Exploring the Potential for Large Language Models to Demonstrate Rational Probabilistic Beliefs
Gabriel Freedman, Francesca Toni
TL;DR
This work interrogates whether state-of-the-art LLMs can maintain rational probabilistic beliefs by testing them against core probability axioms. It introduces the Rational Probabilistic Belief (RPB) dataset to probe complementarity and monotonicity via base, specialised, generalised, and negated claim variants, and applies multiple uncertainty quantification methods (Direct Prompting, Chain-of-Thought, ArgLLMs, Top-K Logit Sampling) across diverse models. Findings show that while larger models perform better, they still frequently violate fundamental properties such as $P(A)+P(A^c)=1$ and monotonicity, indicating non-coherent probabilistic reasoning.

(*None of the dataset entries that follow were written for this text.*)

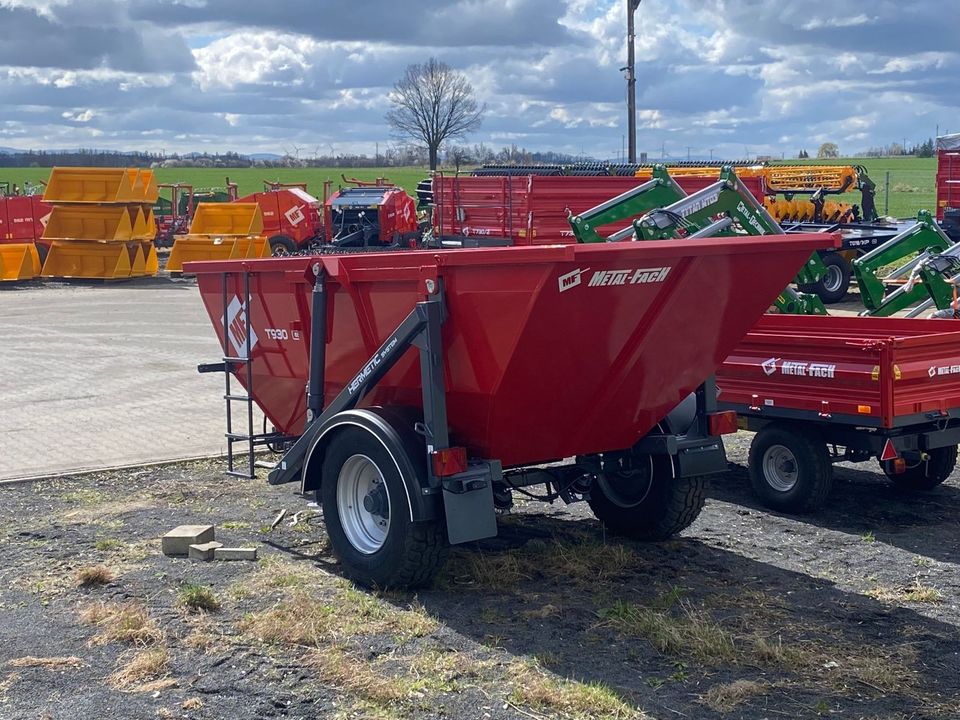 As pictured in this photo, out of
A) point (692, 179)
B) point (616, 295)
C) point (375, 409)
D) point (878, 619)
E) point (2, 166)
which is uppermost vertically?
point (2, 166)

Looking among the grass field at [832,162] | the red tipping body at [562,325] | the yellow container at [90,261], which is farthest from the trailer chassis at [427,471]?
the grass field at [832,162]

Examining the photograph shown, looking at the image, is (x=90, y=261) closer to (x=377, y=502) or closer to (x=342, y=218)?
(x=342, y=218)

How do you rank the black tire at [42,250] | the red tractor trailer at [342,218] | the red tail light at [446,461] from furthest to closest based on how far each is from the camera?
the red tractor trailer at [342,218] → the black tire at [42,250] → the red tail light at [446,461]

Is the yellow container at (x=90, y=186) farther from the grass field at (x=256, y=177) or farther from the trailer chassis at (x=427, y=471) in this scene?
the grass field at (x=256, y=177)

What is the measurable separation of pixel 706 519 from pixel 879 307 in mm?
4509

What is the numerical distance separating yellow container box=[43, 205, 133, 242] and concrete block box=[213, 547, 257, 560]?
21.1 metres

The results motivate exploring neurosymbolic or symbolic approaches to enforce robust probabilistic inference in LLM-driven systems, rather than relying on scaling alone. Overall, the paper highlights critical limitations in current probabilistic reasoning capabilities of LLMs and outlines directions for future research into reliable, explainable uncertainty representations.
Abstract
Advances in the general capabilities of large language models (LLMs) have led to their use for information retrieval, and as components in automated decision systems. A faithful representation of probabilistic reasoning in these models may be essential to ensure trustworthy, explainable and effective performance in these tasks. Despite previous work suggesting that LLMs can perform complex reasoning and well-calibrated uncertainty quantification, we find that current versions of this class of model lack the ability to provide rational and coherent representations of probabilistic beliefs. To demonstrate this, we introduce a novel dataset of claims with indeterminate truth values and apply a number of well-established techniques for uncertainty quantification to measure the ability of LLM's to adhere to fundamental properties of probabilistic reasoning.